Et le salaire de l’éleveur dans tout ça…
De la réactivité, les responsables professionnels en attendent aussi du Gouvernement sur la loi alimentation. « En laissant le soin aux interprofessions de fixer les indicateurs de coût de production, les pouvoirs publics n’ont rien résolu », résume Yannick Fialip, représentant de la FNPL. « Les industriels français ne sont même pas capables de suivre les indicateurs de prix européens. Moralité, la France, qui a pourtant choisi la stratégie de la segmentation contrairement à l’Allemagne qui fait la course aux volumes, affiche un prix du lait inférieur au prix allemand ». Pour Patrick Bénézit, président de la FRSEA Massif central et secrétaire général adjoint de la FNSEA, « à ce jour la loi est non seulement inapplicable sans les ordonnances, mais elle est bien loin du discours de Rungis du Président de la République ». La semaine dernière, la réunion de l’interprofession bovine portant sur les indicateurs de coûts de production s’est soldée par un échec. « La Fédération du commerce et de la distribution refuse de valider les indicateurs », témoigne Bruno Dufayet. En résumé, « les mêmes qui, l’an dernier, ont signé des chartes d’engagement, refusent de signer lorsqu’il s’agit de prendre en compte le salaire de l’éleveur », s’emporte Patrick Bénézit.
Ne pas lâcher l’affaire
Pour autant, le syndicalisme FNSEA-JA ne veut pas rester les bras ballants, et défie le ministre de l’Agriculture de profiter de sa visite au Sommet « pour fanfaronner sur une exploitation en expliquant que tout a été fait sur les prix et que tout va bien ». Non, résolument, le compte n’y est pas et le combat doit continuer : « Notre détermination à voir les ordonnances aboutir et les choses évoluer (ndlr : sur les indicateurs de coûts de production notamment) reste intacte. Nous n’avons pas dépensé toute cette énergie pour que ce rendez-vous des États Généraux de l’alimentation reste lettre morte », indique Jérémy Decerle. Aux attaques de Leclerc vilipendant une loi « anti pouvoir d’achat », les syndicalistes répondent par la transparence : « pour que les producteurs aient un meilleur revenu demain, les consommateurs devront payer un peu plus cher », tout en remettant l’église au centre du village : « L’État et Leclerc ont moins d’états d’âmes pour passer des hausses sur l’essence et le gasoil que sur l’alimentation. Pourtant, pour vivre, on remplit plus souvent son estomac que son réservoir d’essence », résume Yannick Fialip.

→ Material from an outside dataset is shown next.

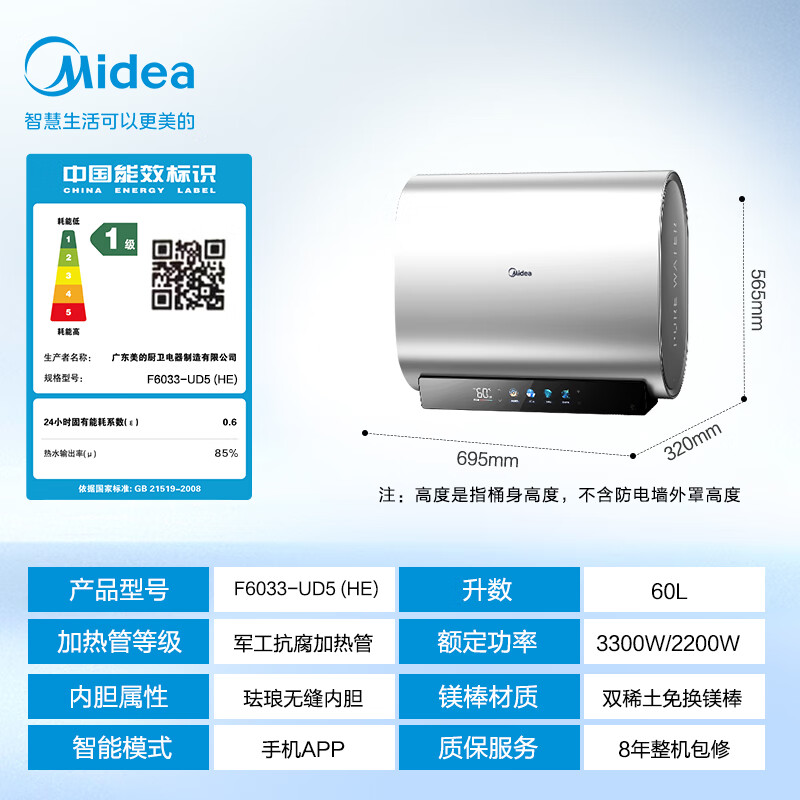 以旧换新补贴、PLUS会员：Midea 美的 F6033-UD5(HE) 电热水器 60升 1364.48元包邮（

Enfin sur la question des végans, dont les menaces à l’encontre du Sommet de l’Élevage se sont multipliées ces dernières semaines, les responsables professionnels ont été très clairs : « Trop c’est trop, les éleveurs ne peuvent pas continuer à se faire harceler de la sorte. Qu’ils ne veulent pas manger de viande c’est leur problème, mais qu’ils veulent imposer leur vision aux autres, cela s’apparente au terrorisme », résume Patrick Bénézit. Et les responsables de rappeler que désormais ce problème est une question de sécurité publique, et que c’est au Préfet d’assurer l’ordre.
1. En amont de la visite d’exploitation, une délégation de la Fédération nationale bovine a visité l’entreprise Jacquet, filiale de la coopérative Limagrain à Saint-Beauzire.